*** Material provided
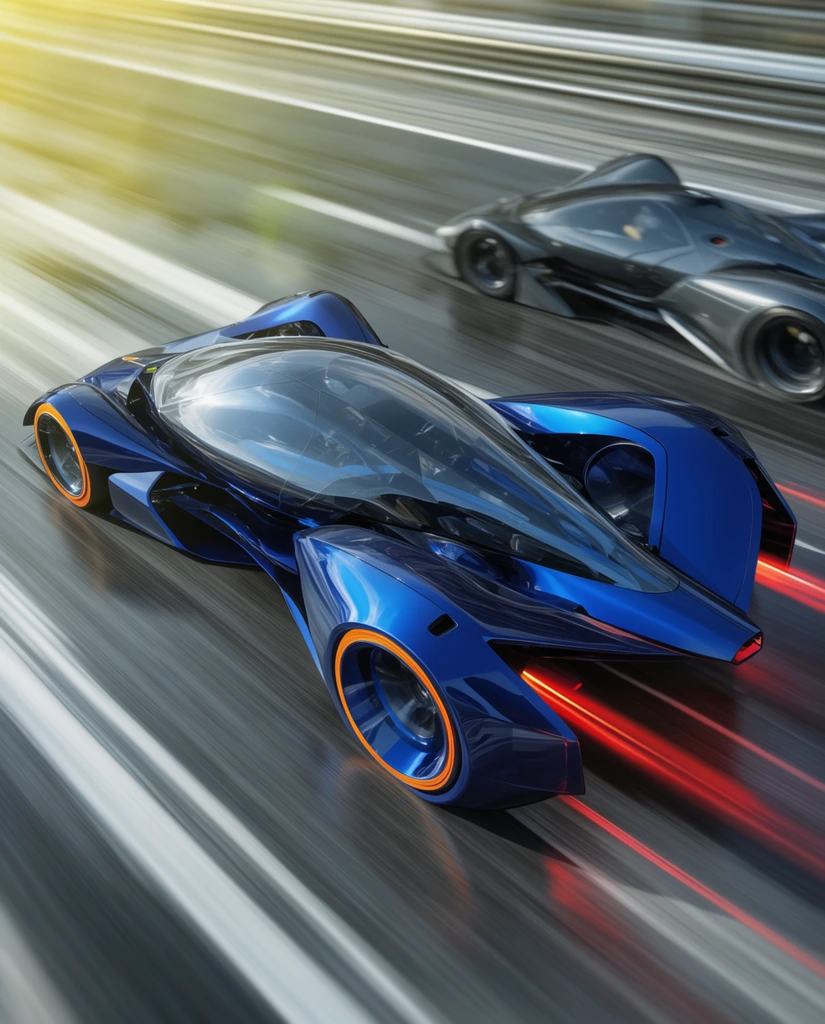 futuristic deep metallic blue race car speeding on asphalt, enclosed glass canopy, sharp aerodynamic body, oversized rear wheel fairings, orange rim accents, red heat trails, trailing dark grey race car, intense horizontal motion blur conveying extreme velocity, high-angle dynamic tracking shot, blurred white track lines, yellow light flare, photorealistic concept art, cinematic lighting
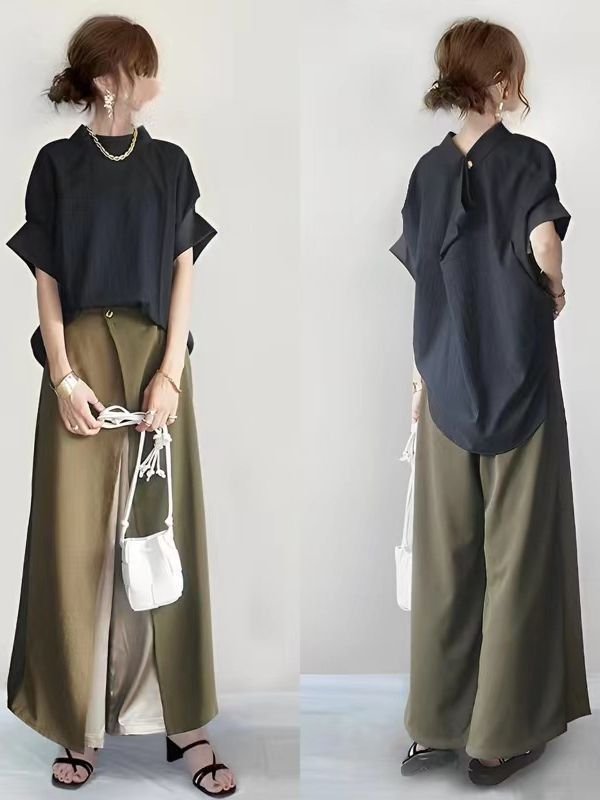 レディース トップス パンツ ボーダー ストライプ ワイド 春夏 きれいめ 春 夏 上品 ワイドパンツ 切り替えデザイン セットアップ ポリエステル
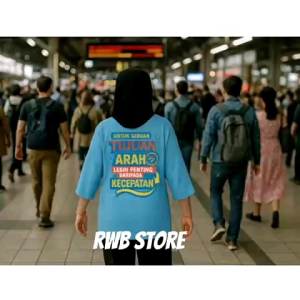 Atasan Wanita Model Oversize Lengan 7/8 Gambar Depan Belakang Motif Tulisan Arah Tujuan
******
Everything in the material except the pictures should be restated word for word.

Response to the task:
 futuristic deep metallic blue race car speeding on asphalt, enclosed glass canopy, sharp aerodynamic body, oversized rear wheel fairings, orange rim accents, red heat trails, trailing dark grey race car, intense horizontal motion blur conveying extreme velocity, high-angle dynamic tracking shot, blurred white track lines, yellow light flare, photorealistic concept art, cinematic lighting
 レディース トップス パンツ ボーダー ストライプ ワイド 春夏 きれいめ 春 夏 上品 ワイドパンツ 切り替えデザイン セットアップ ポリエステル
 Atasan Wanita Model Oversize Lengan 7/8 Gambar Depan Belakang Motif Tulisan Arah Tujuan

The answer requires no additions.